Making this choice leaves one or more subproblems to be solved.
\item Suppose that for a given problem there exists a choice which leads
to an optimal substructure. Do not concern yourself with how to determine this
choice, but assume it has been given to you.
\item Given this choice, determine which subproblems ensue and how to best
characterize the resulting space of subproblems.
\item Using a "cut-and-paste" technique, show that the solutions to the
subproblems must themselves be optimal. You can do so by supposing that each
subproblem is not optimal and then deriving a contradiction.
\end{enumerate}
\section{Methods of Approach}
There are usually two equivalent ways to implement a dynamic-programming
approach; top-down with memoization and bottom-up.
\subsection{Top-down with Memoization}
% taken directly from the CLRS book, good summary I think.
In this approach, we write the procedure recursively in a natural manner, but
modified to save the result of each subproblem.

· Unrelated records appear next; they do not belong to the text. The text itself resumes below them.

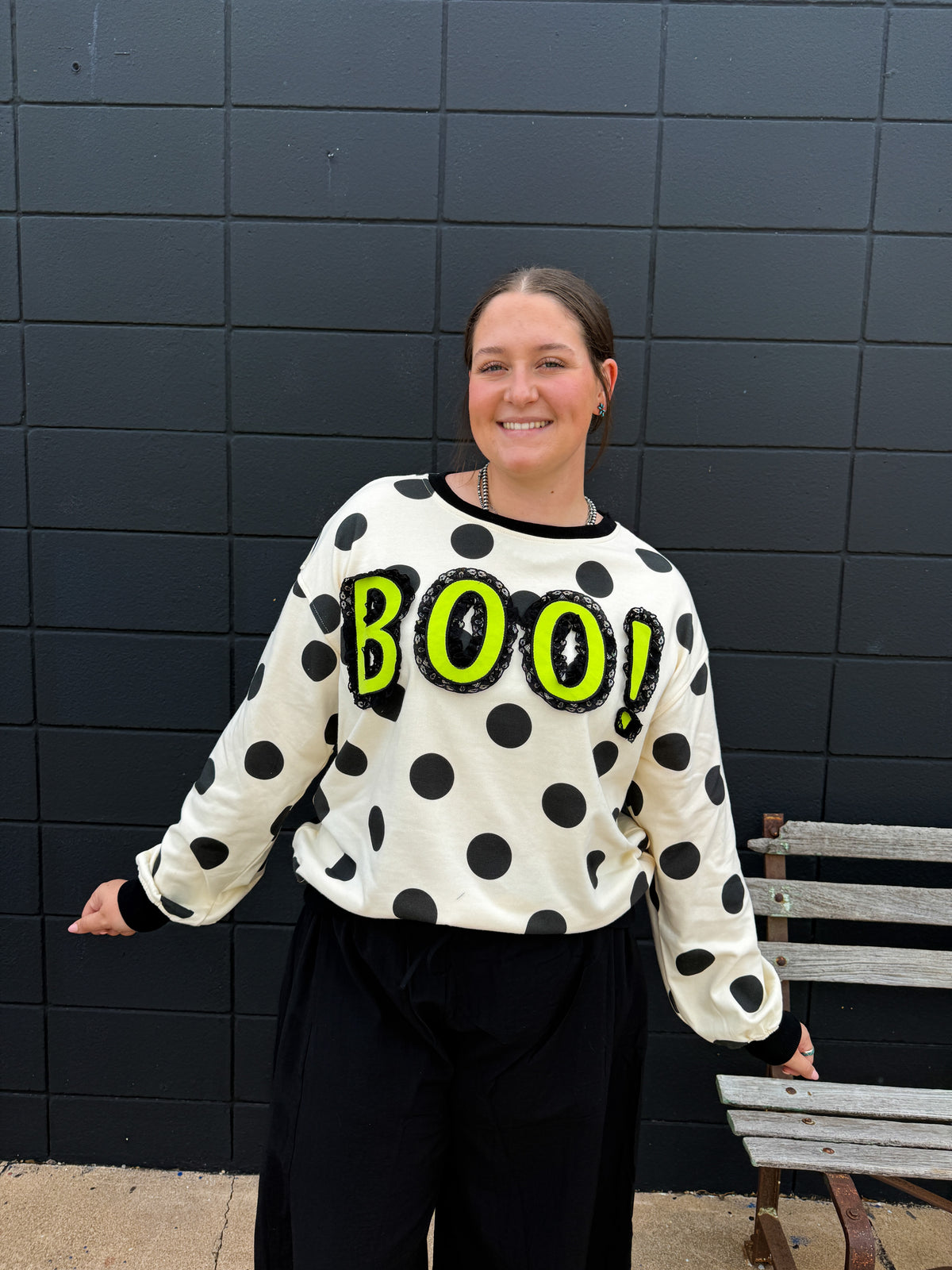 “BOO” Polka Dot Sweater with Lace Edge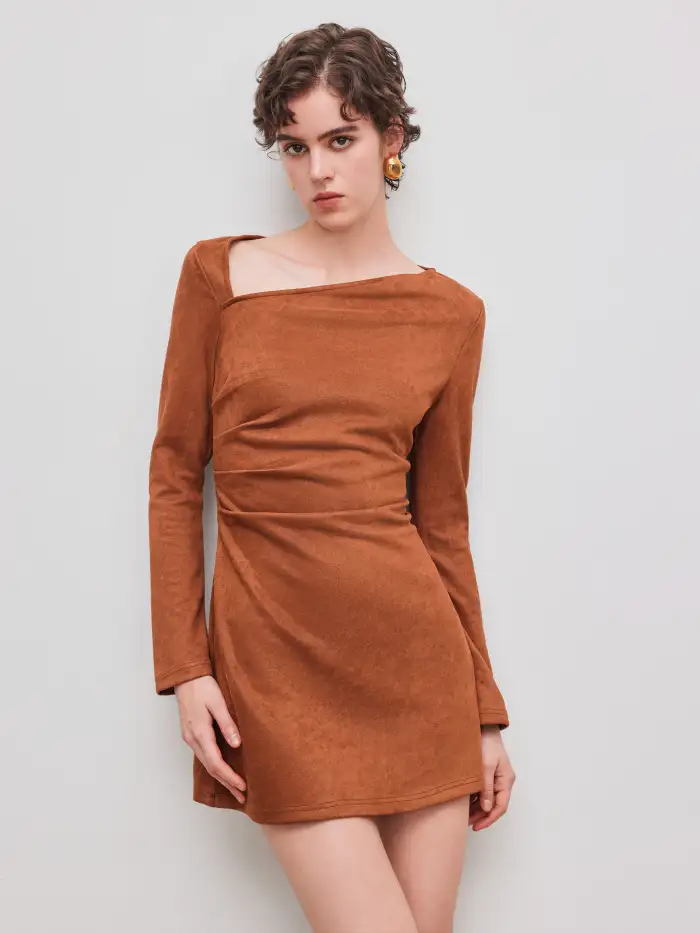 Suede Suede Asymmetrical Neck Ruched Mini Dress For Vacation Suede Suede Asymmetrical Neck Ruched Mini Dress For Vacation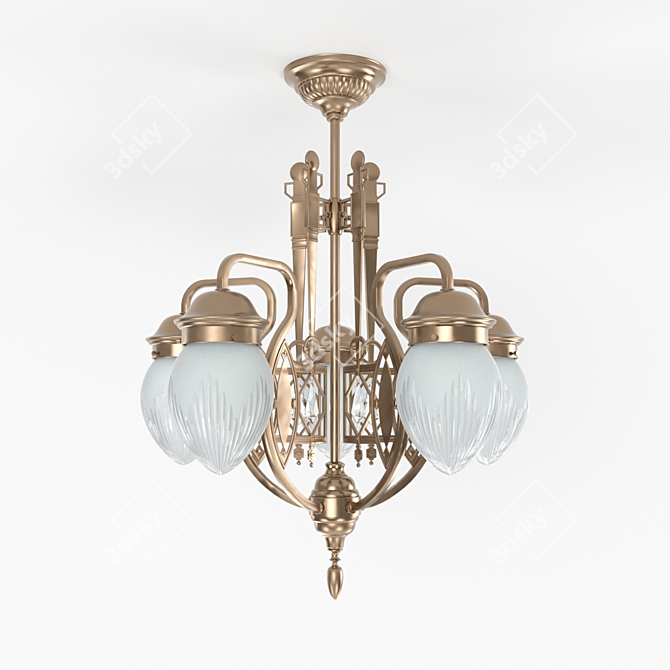 Pannon Brass 5-Light Chandelier 3D model image 2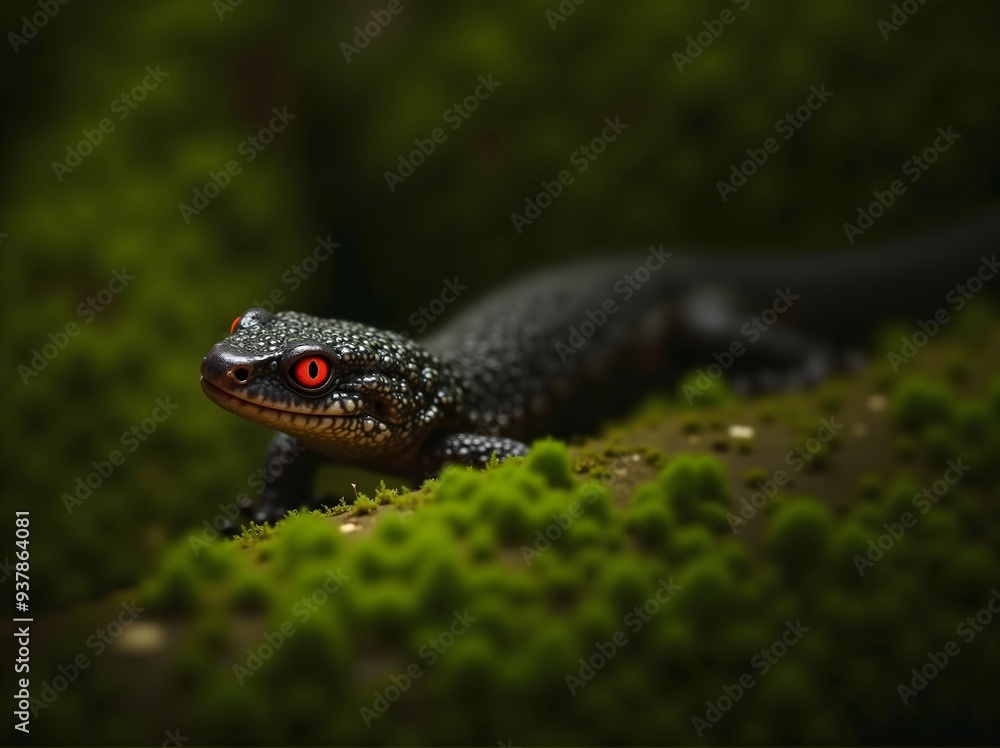 Obraz premium Red-Eyed Crocodile Skink Behind Moss-Covered Log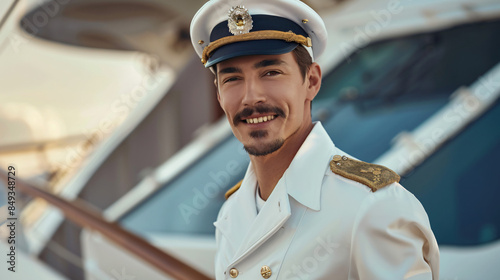 Smiling young captain in uniform standing by a luxury yacht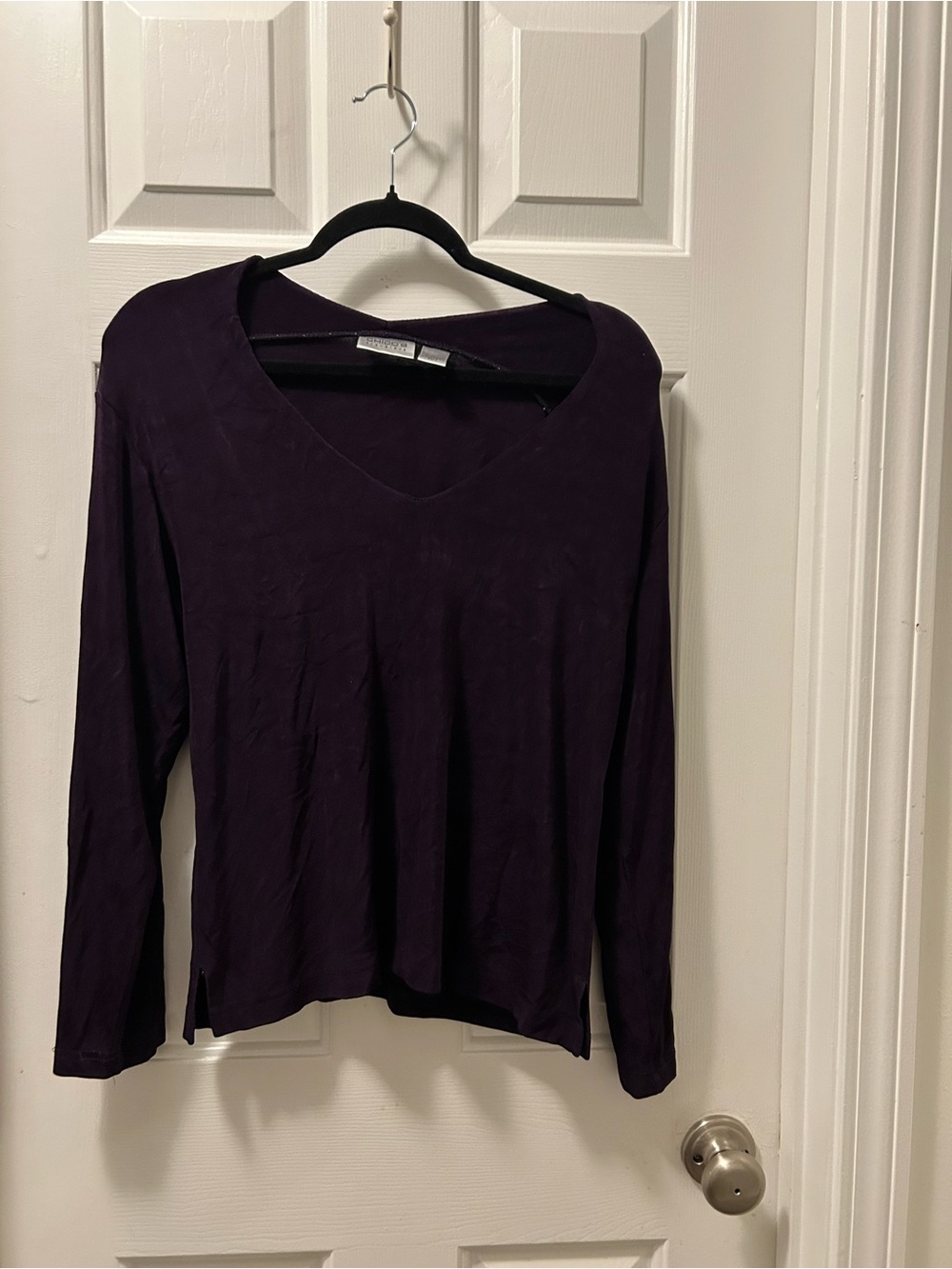 Chico's Deep Plum V-Neck Long Sleeve Top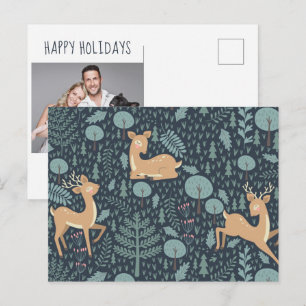 Merry Christmas   Holiday Woodland Animals Postcar Postcard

The procedure checks to see
if it has already solved this problem. If so, it returns a saved value, saving
further computation at this level; if not, the procedure computes the value in
the usual manner. We say that the recursive procedure has been
\textit{memoized}; it "remembers" what results it has computed previously.
The caveat of using the top-down approach is that we make time-memory
trade-off, so what we gain in performance is payed in memory usage instead.
\subsection{Bottom-up}
% taken directly from the CLRS book, good summary I think.
This approach typically depends on some natural notion of the "size" of a
subproblem, such that solving any particular subproblem depends only on
solving "smaller" subproblems.
We sort the subproblems by size and solve them in size order, smallest first.
When solving a particular subproblem, we have already solved all of the
smaller subproblems its solution depends upon, and we saved their solutions.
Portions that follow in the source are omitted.